◆ **Task prompt**
When you reach a picture, pass over it; otherwise repeat the listing word for word.

◆ **Data**
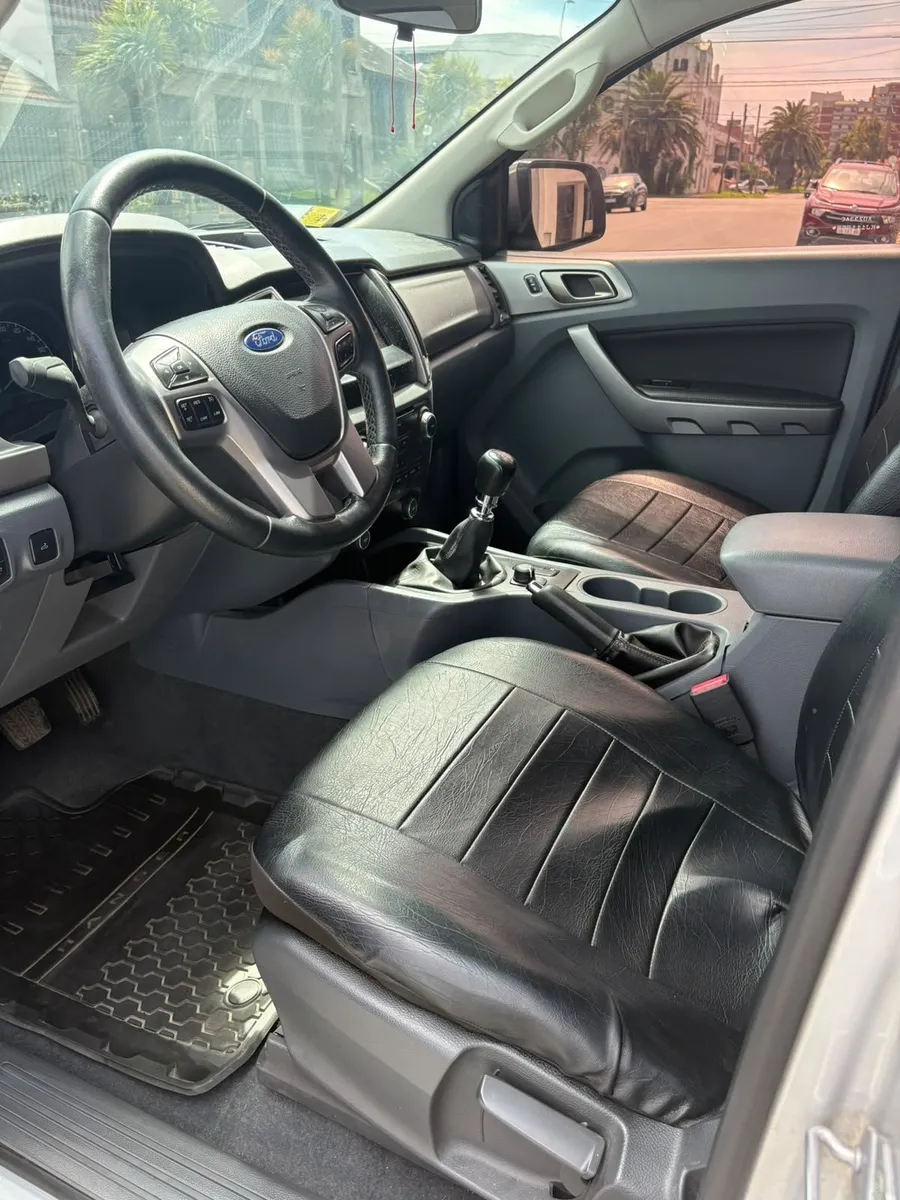 Ford RANGER PICK - UP 3.2  XLT D/C Diesel  4X4  — foto 9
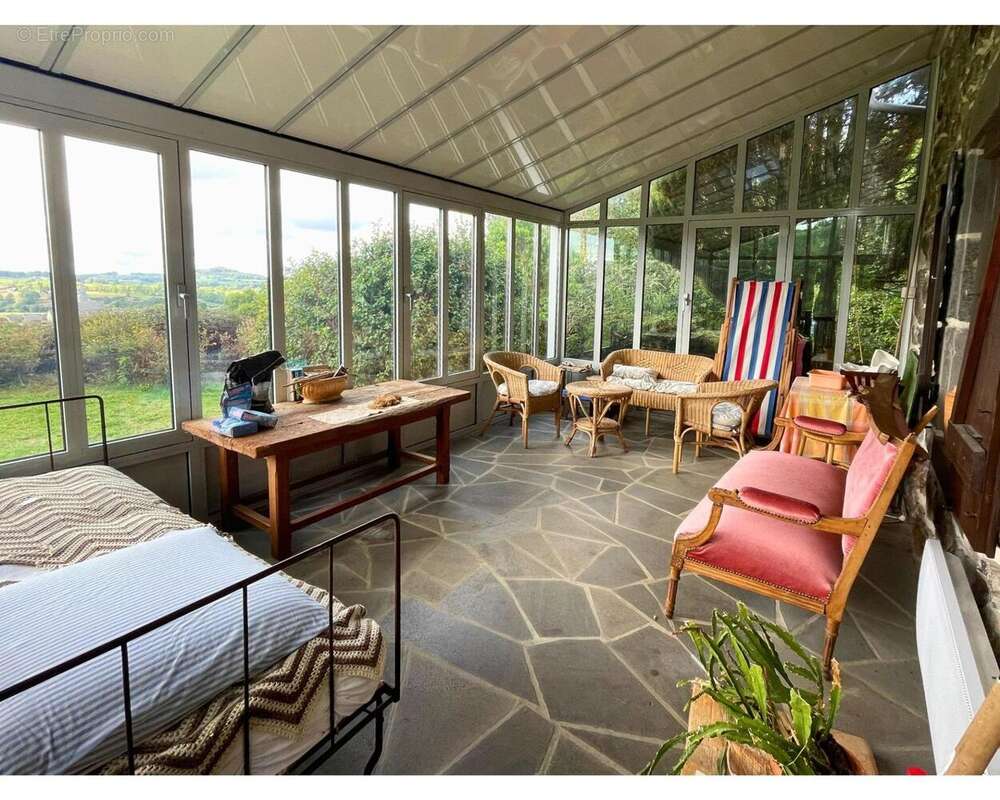 Photo 4 - Maison à CHASTREIX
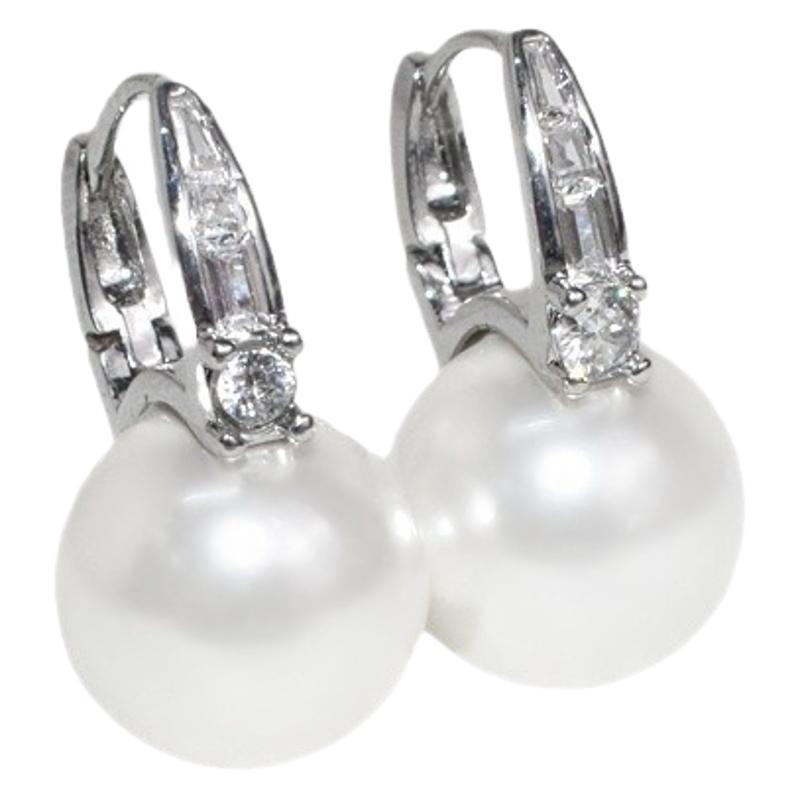 Romanttinen Kulta Sormus erityisiin hetkiin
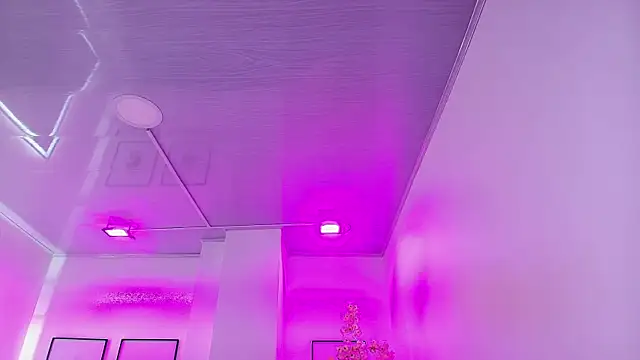 Snapshot of Arianna_sweeet chatting on February 7, 3:43 am Arianna sweeet online show from February 7, 3:43 am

◆ **Exercise answer**
 Ford RANGER PICK - UP 3.2  XLT D/C Diesel  4X4  — foto 9
 Photo 4 - Maison à CHASTREIX
 Romanttinen Kulta Sormus erityisiin hetkiin
 Snapshot of Arianna_sweeet chatting on February 7, 3:43 am Arianna sweeet online show from February 7, 3:43 am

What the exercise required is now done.